Homework template for STEM coursework and problem sets. Spin-off of adaptable-pset with some modifications and additional functions.

Examples

Example front page

Example logo integrations

Logos

The example images use placeholder logos. To use your own logo, obtain it from your institution and pass it as an image:

#let logo = image("your-logo.png", height: 25pt)

Example Code

#import "@preview/nova-pset:0.1.0": *

#let class = "math 347h"
#let assignment = "Homework 4"
#let author = "Samyak Jain"
// To use a logo, add an image to this folder and replace none:
// #let logo = image("your-logo.png", height: 25pt)
#let logo = none
#let instructor = "Prof.

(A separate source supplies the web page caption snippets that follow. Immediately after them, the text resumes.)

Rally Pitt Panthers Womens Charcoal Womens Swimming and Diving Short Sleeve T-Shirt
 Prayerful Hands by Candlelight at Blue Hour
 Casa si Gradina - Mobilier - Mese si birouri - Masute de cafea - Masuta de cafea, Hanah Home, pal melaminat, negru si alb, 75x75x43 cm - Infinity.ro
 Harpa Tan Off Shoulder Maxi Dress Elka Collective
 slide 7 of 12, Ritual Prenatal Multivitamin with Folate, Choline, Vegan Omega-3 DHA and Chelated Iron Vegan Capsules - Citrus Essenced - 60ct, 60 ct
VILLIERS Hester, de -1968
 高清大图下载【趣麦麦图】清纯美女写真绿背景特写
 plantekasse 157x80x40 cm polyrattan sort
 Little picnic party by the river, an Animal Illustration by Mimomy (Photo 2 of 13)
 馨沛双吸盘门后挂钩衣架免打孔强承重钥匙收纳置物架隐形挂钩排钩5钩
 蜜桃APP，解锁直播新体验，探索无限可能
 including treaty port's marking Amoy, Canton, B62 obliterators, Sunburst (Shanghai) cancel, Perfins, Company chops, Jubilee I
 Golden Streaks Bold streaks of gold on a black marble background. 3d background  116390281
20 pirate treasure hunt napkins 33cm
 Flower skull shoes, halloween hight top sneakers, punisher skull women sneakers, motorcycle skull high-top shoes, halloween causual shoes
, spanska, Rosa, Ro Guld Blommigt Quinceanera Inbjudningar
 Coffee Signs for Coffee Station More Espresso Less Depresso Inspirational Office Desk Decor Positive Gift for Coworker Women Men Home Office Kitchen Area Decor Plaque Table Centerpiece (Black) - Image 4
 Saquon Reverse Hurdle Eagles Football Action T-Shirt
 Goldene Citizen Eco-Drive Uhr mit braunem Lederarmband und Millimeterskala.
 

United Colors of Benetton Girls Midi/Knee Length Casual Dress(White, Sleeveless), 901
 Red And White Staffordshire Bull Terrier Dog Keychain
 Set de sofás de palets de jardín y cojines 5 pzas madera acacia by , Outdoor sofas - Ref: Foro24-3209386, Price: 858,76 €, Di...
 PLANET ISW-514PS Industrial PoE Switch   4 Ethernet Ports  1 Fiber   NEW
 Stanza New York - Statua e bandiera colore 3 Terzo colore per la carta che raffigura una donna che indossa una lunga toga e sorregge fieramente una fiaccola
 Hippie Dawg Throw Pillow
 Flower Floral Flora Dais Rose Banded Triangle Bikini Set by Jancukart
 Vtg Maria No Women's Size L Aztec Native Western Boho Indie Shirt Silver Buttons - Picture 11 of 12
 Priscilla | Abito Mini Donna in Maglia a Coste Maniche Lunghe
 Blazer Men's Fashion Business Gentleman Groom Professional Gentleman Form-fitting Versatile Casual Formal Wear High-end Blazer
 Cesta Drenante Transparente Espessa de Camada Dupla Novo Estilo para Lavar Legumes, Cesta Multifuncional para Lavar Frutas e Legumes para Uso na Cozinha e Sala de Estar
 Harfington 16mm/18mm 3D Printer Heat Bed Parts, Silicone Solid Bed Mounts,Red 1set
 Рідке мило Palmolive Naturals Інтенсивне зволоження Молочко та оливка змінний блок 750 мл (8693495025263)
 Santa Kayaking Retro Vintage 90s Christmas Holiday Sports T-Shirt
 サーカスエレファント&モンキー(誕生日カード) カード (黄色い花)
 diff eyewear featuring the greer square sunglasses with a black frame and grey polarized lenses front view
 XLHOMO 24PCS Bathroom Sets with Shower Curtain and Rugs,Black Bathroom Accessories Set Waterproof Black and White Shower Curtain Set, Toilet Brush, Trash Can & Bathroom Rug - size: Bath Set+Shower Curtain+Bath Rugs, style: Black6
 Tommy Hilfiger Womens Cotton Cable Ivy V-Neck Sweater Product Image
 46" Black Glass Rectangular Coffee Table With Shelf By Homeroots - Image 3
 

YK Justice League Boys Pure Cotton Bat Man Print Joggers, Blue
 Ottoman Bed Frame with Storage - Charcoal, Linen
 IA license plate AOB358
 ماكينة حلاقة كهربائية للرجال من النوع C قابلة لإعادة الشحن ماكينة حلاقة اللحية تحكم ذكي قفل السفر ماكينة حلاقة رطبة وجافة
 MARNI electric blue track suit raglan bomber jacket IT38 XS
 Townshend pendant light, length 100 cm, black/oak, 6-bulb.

Fernandough"
#let semester = "Fall 2025"
#let due-time = "September 25, 2025"

#show: homework.with(
  class: class,
  assignment: assignment,
  author: author,
  logo: logo,
  instructor: instructor,
  semester: semester,
  due-time: due-time,
  paper-size: "us-letter",
  accent-color: rgb("#1c2b39"),
)

#set enum(numbering: "a)")

#q(title: "Problem 1")[
    Prove that the composition of two surjective functions is surjective.
]

#b() Suppose that $f : A -> B$ and $g : B -> C$ are surjective functions. Then the composition $g compose f : A -> C$ is $g compose f (a) = g(f(a))$. We claim that $g(f(a))$ is surjective, or that

$ forall c in C, exists a in A "such that" g(f(a)) = c $

Let $c in C$ be arbitrary. Because $g$ is surjective, we know that

$ forall c in C, exists b in B "such that" g(b) = c $

So there exists a $b in B$ such that $g(b) = c$. Then, because $f$ is surjective, we know that

$ forall b in B, exists a in A "such that" f(a) = b $

So there exists an $a in A$ such that $f(a) = b$. Then $g(f(a)) = g(b) = c$. This means that the composition $g compose f$ is surjective.

#Q()